--- EXTRACTED DATA ---
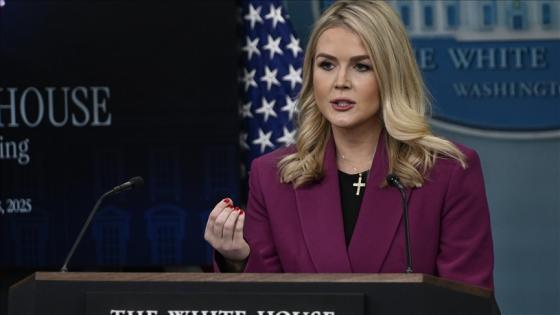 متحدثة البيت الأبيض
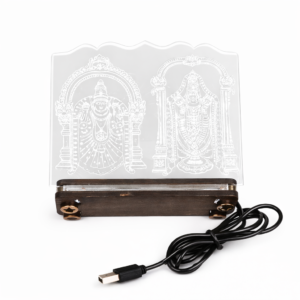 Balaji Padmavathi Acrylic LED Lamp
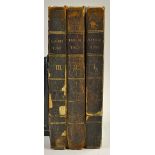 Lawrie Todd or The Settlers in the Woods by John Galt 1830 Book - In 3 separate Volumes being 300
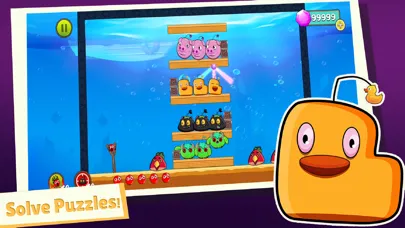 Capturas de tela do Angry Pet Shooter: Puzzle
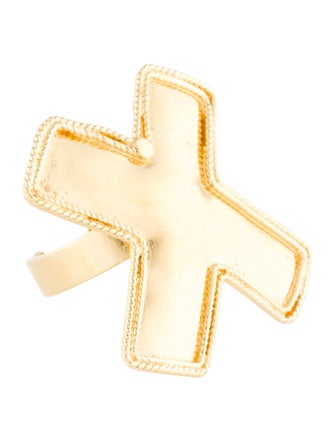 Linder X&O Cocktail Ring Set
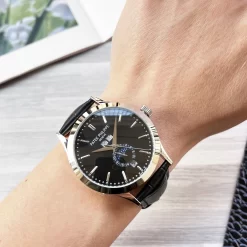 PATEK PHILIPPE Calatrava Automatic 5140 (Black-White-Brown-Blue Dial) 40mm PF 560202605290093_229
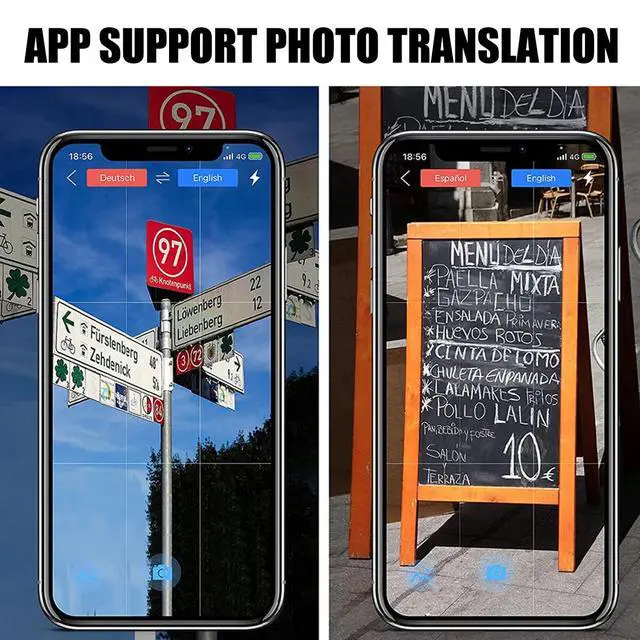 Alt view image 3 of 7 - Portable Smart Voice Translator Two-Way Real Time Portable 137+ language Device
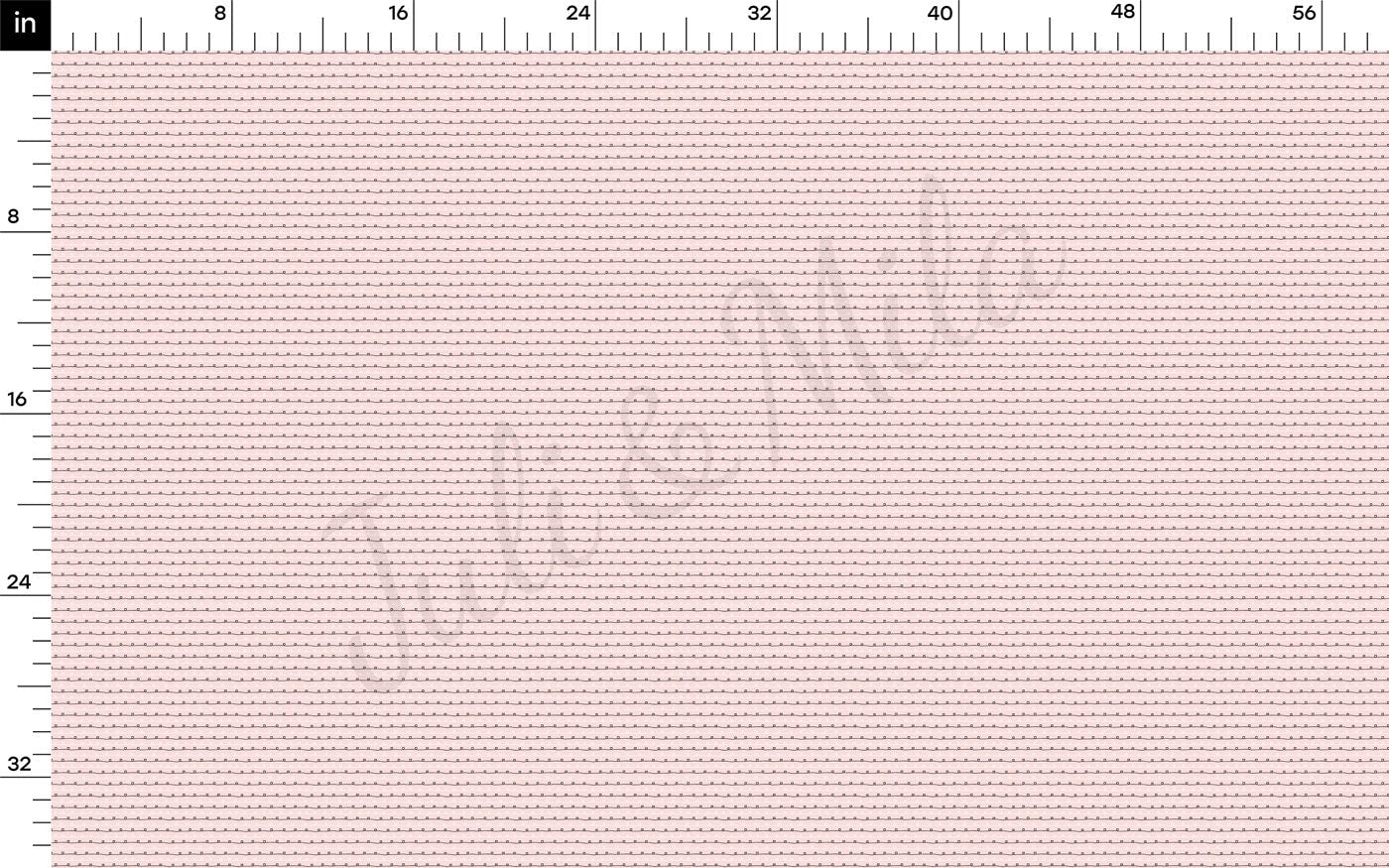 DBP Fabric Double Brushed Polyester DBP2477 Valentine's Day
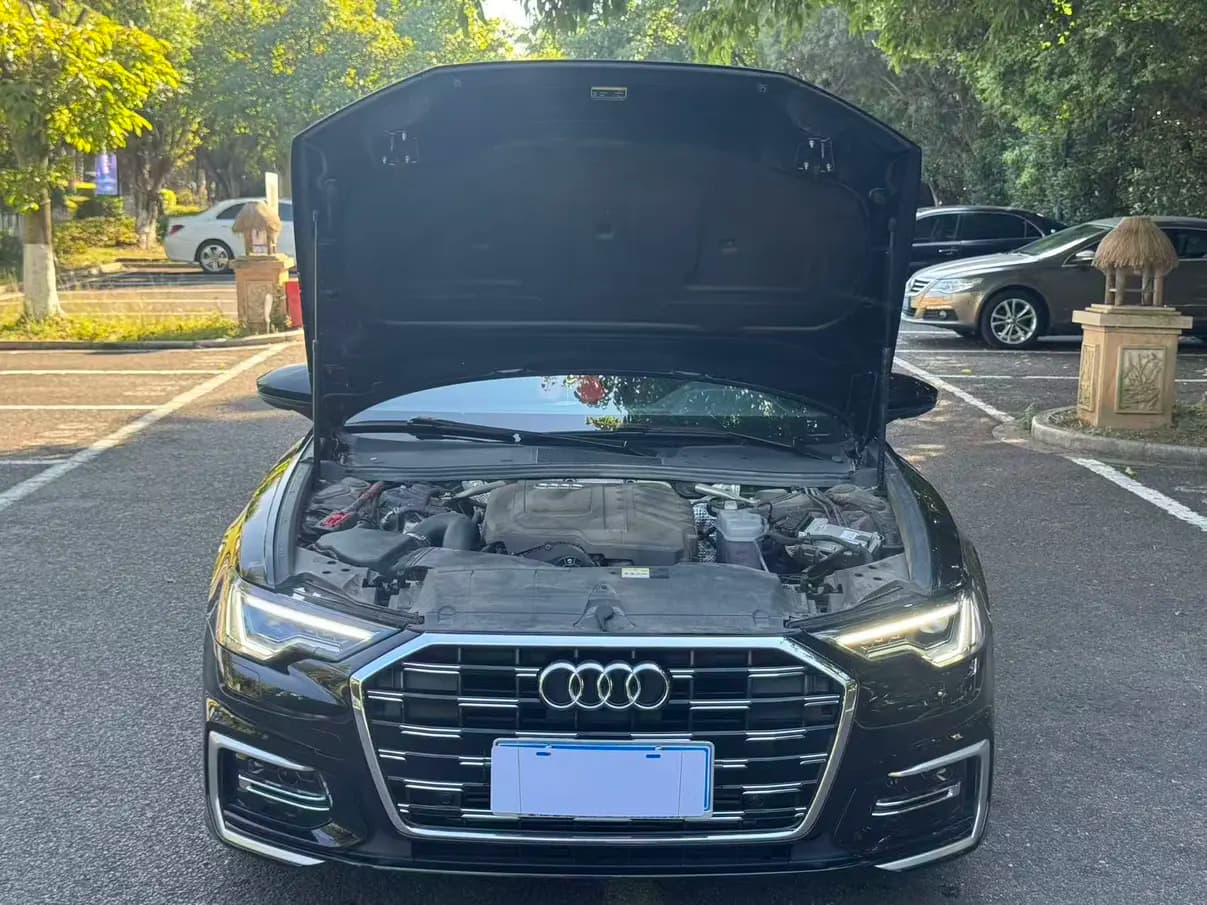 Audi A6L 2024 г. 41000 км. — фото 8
---
*AIM OF THE TASK*
Please write out, word for word, each line from the one with "Alt view image" to the last line of the data, keeping both ends and omitting pictures.

*WRITTEN REPLY*
 Alt view image 3 of 7 - Portable Smart Voice Translator Two-Way Real Time Portable 137+ language Device
 DBP Fabric Double Brushed Polyester DBP2477 Valentine's Day
 Audi A6L 2024 г. 41000 км. — фото 8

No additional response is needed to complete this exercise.